Section 2.3. Additional Securities. Section 2.9 is added to the Primary Indenture, and Section 2.9 will read in its entirety as follows:
SECTION 2.9. ADDITIONAL SECURITIES.
(a) General. The Issuer may, subject to the requirements of Section 2.9(b), issue one or more installments of Additional Securities. When issued and delivered, the Additional Securities will be payable from and secured by this Indenture and the Collateral on a parity with any previously issued outstanding Securities. The Additional Securities may be issued in one or more series or not in any series, be in various principal amounts, mature at different times, and bear interest at different rates from each other and from Securities which are previously outstanding, be payable in installments, be redeemable prior to maturity with or without premium on whatever terms or prices, and contain such other provisions as may be provided in the supplemental indenture pursuant to which the Additional Securities are issued.
(b) Requirements for Issuing Additional Securities. No Additional Securities shall be issued unless:
(i) The prior written consent to the issuance of the Additional Securities is given by the Holders of not less than a majority in aggregate principal amount of Securities at the time outstanding;
(ii) The Issuers deliver to the Trustee Officers Certificates, each stating to the effect that no Default exists in connection with any of the covenants or requirements of this Indenture or any
3
supplemental indenture authorizing the issuance of Additional Securities, except Defaults that have been waived in writing by the Holders; and
(iii) The Issuers and the Trustee enter into a Supplemental Indenture regarding the terms, issuance and delivery of Additional Securities and the Trustee is provided with the documents required to be delivered to it pursuant to Section 8.4 of this Indenture and other documents and opinions reasonably requested by the Trustee.
Section 2.4 Supplemental Indentures. Section 8.1 of the Primary Indenture is amended to add thereto a new subsection (e) which will read in its entirely as follows:
(e) to provide for the issuance of Additional Securities in accordance with Section 2.9 of this Indenture.
Section 2.5 Amendment to the Form of Face of the Series 1998 Security. The Form of the Face of the Series 1998 Security is amended by amending the fourth-to-the-last paragraph thereof, so that, as amended, such paragraph shall read in its entirety as follows:
The interest so payable on any Interest Payment Date will, except as otherwise provided in the Indenture referred to on the reverse hereof, be paid to the Person in whose name this Security is registered on the 15th day of the month next preceding the month in which such interest payment falls, whether or not such Interest Record Date is a Business Day.
Section 2.6 Global Amendment.
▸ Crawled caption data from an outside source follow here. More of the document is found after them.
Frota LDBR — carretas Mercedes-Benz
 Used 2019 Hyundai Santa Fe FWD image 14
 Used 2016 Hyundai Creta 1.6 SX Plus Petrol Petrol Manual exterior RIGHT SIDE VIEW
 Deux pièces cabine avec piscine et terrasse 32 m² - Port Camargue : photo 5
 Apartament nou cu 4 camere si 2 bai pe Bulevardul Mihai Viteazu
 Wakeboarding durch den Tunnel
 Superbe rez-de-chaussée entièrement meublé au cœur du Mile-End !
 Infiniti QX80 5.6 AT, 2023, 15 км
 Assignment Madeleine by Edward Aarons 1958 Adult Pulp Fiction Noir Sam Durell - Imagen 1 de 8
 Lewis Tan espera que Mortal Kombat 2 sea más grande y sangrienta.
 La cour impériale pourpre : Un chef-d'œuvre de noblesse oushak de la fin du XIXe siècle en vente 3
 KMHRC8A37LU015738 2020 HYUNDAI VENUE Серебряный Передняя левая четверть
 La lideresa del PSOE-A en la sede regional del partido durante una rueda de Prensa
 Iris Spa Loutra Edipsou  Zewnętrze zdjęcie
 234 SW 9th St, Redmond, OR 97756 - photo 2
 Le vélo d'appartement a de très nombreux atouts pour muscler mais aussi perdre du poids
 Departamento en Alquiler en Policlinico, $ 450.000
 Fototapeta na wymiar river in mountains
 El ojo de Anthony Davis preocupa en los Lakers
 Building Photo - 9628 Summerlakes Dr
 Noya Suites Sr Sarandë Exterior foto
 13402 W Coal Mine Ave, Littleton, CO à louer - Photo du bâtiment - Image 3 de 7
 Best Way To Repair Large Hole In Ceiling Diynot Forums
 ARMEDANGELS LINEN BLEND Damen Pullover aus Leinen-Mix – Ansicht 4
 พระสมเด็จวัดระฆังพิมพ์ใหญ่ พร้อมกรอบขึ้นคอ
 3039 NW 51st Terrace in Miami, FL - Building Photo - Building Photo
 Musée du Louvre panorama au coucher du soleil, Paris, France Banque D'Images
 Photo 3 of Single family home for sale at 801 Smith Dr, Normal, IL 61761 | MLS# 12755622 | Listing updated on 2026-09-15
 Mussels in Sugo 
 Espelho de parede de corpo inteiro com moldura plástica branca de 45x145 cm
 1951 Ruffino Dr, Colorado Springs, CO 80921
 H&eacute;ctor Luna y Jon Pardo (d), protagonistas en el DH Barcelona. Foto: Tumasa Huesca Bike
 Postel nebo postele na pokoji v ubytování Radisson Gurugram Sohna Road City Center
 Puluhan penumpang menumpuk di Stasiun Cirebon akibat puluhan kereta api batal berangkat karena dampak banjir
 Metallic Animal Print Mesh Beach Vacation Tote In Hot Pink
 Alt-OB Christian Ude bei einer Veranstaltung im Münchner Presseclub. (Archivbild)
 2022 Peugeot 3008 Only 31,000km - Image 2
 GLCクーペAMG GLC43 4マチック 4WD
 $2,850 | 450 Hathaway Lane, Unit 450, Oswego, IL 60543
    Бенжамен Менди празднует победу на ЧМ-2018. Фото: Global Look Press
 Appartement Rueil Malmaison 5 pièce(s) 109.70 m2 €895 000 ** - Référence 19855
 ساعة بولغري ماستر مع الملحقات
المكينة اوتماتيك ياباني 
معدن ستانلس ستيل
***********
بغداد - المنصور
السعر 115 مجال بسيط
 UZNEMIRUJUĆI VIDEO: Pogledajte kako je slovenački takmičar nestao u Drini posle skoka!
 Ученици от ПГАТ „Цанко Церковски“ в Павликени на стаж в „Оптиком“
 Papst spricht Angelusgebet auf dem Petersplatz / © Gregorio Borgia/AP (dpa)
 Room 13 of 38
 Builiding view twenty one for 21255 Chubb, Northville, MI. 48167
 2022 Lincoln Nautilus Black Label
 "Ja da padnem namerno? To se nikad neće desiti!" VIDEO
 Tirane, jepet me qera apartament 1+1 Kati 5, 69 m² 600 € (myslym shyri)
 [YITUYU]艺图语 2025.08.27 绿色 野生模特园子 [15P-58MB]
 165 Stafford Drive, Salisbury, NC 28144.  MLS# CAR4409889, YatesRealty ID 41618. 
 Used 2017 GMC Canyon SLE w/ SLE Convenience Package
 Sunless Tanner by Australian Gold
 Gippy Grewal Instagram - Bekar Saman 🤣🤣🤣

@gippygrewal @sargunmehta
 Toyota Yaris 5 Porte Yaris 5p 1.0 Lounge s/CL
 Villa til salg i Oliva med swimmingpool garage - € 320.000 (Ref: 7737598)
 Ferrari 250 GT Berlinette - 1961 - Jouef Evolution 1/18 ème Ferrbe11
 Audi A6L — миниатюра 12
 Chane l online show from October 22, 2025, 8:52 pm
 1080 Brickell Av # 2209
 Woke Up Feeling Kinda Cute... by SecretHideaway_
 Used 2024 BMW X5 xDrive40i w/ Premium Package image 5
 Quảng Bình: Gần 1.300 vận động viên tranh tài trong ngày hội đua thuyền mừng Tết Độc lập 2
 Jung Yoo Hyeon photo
To the extent necessary, all other terms of the Primary Indenture shall be deemed amended to reflect the issuance of Additional Securities and of an additional Funding Note or Notes as contemplated by the terms of this Supplemental Indenture. Section 3.28 shall not govern the use of proceeds from the sale of Additional Securities permitted by the terms hereof. All Additional Funding Notes shall be Collateral.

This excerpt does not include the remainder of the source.